Individuals still could spend unlimited sums on ballot measures. This year, Hollywood producer Stephen L. Bing, scion of a real estate magnate, promoted the oil tax initiative with at least $39 million of his own money.

At least two other major sources of campaign cash — attorneys who represent plaintiffs and wealthy Indian tribes — could continue spending unlimited amounts for and against propositions.

“It amounts to unilateral disarmament,” said John Sullivan of the corporate-funded group Californians for Civil Justice Reform, which seeks to limit litigation against business and is a rival of the trial attorneys lobby.

Chamber President Allan Zaremberg denounced Proposition 89 as a “virtual ban on corporate participation in the political process.” Democratic consultant Gale Kaufman, who represents the California Teachers Assn., criticized it as “totally gratuitous.”

Insurance companies, which often clash with trial attorneys in Sacramento, account for more than half of the $1.3 million raised so far against Proposition 89. The nurses union is Proposition 89’s biggest financial supporter, having spent $1.4 million to qualify it for the November ballot and $822,000 on the campaign.

Executives in the nurses union say there was no intention to exempt attorneys or tribes. Rather, their attorneys went as far as they thought they could without clearly violating the Constitution, DeMoro said.

“We don’t have a hidden agenda,” she said.

Most trial lawyer firms are set up as limited liability partnerships, as are many accountancy and venture capital firms and at least one oil company that is siding with Chevron in opposing the oil tax initiative. Such partnerships would not be bound by restrictions on corporate giving to ballot measures, the initiative’s promoters say.

Trial law firms and their organization, the Consumer Attorneys of California, regularly donate more than $1 million a year to state campaigns. The group has not taken a stand on the initiative. But trial lawyers and the California Nurses Assn. have been allies in past campaigns.

In 2004, for example, the two groups fought Proposition 64, which limits lawsuits; it won voter approval. In the June primary, lawyers and nurses also formed an alliance to help fund an $870,000 independent campaign to support and oppose legislative candidates.

Also among the state’s biggest spenders on ballot measures are Indian tribes. They have shelled out more than $150 million on propositions since 1998. Like individuals, they could continue to spend unlimited sums on ballot measures, backers of the initiative say.

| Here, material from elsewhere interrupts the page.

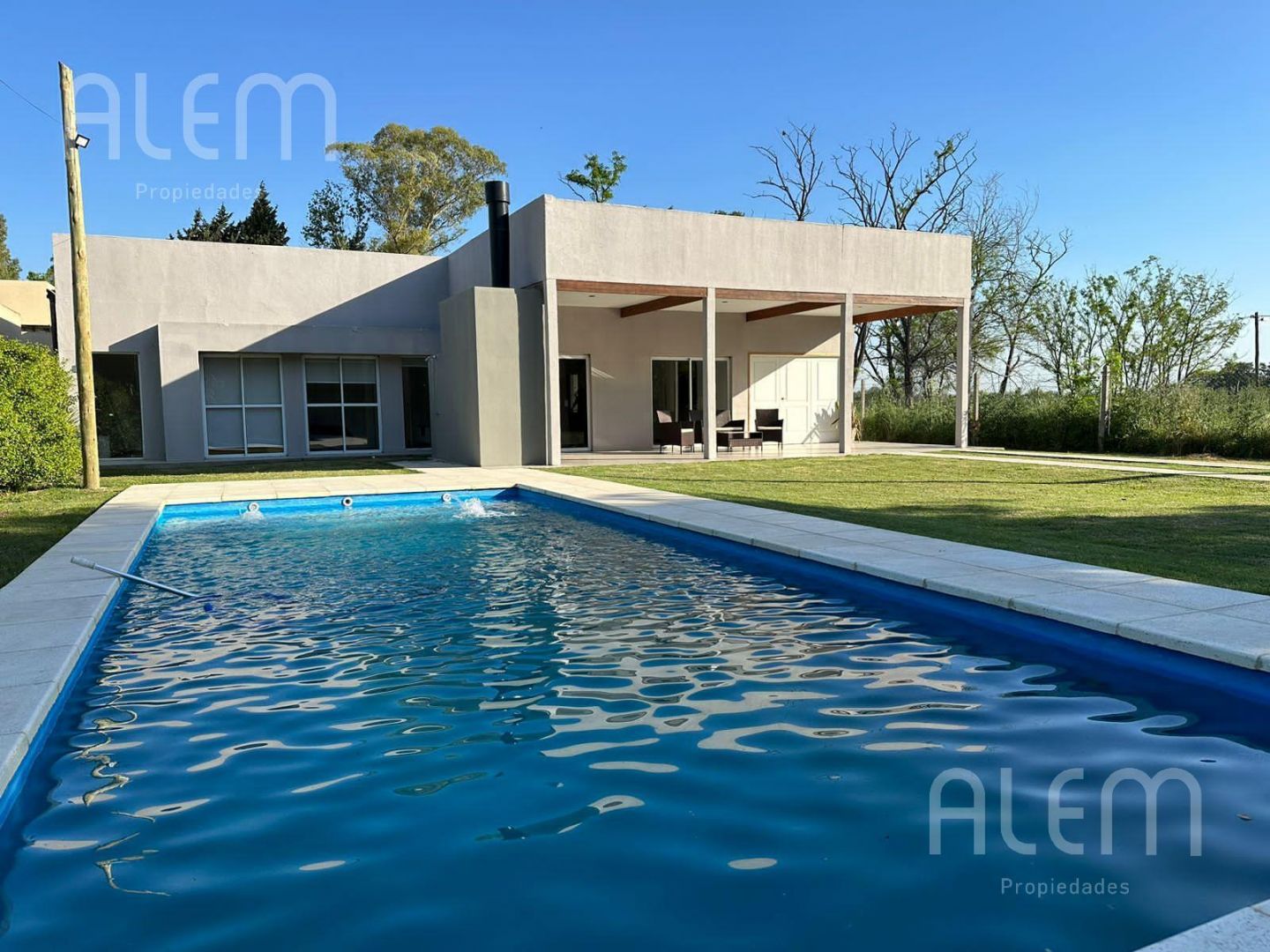 #5378572 | Alquiler | Casa | Ezeiza (Alem Propiedades - Roberto Celano)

“Constitutionally, we cannot restrict tribes’ spending on ballot measures,” said Santa Monica attorney Fredric Woocher, who helped write the initiative.

The U.S. Supreme Court, he noted, has ruled that donors cannot be barred from giving “just because they spend a lot of money.”

Woocher’s firm has represented the Agua Caliente Band of Cahuilla Indians, which owns two casinos in the Palm Springs area and has spent more than $27 million on state campaigns since 1998. However, Woocher said he wasn’t thinking of tribes when he was working on the measure.

Much of Proposition 89 is similar to “clean money” laws in Arizona and Maine. But no other state regulates contributions to ballot measures, in part because the U.S. Supreme Court has struck down past attempts to restrict ballot measure spending.

In addition to hiring Woocher, the nurses retained Richard L. Hasen, a Loyola Law School professor who last year wrote a law review article opining that the issue was “ripe for reexamination in light of the Supreme Court’s new-found deference to campaign finance regulation.”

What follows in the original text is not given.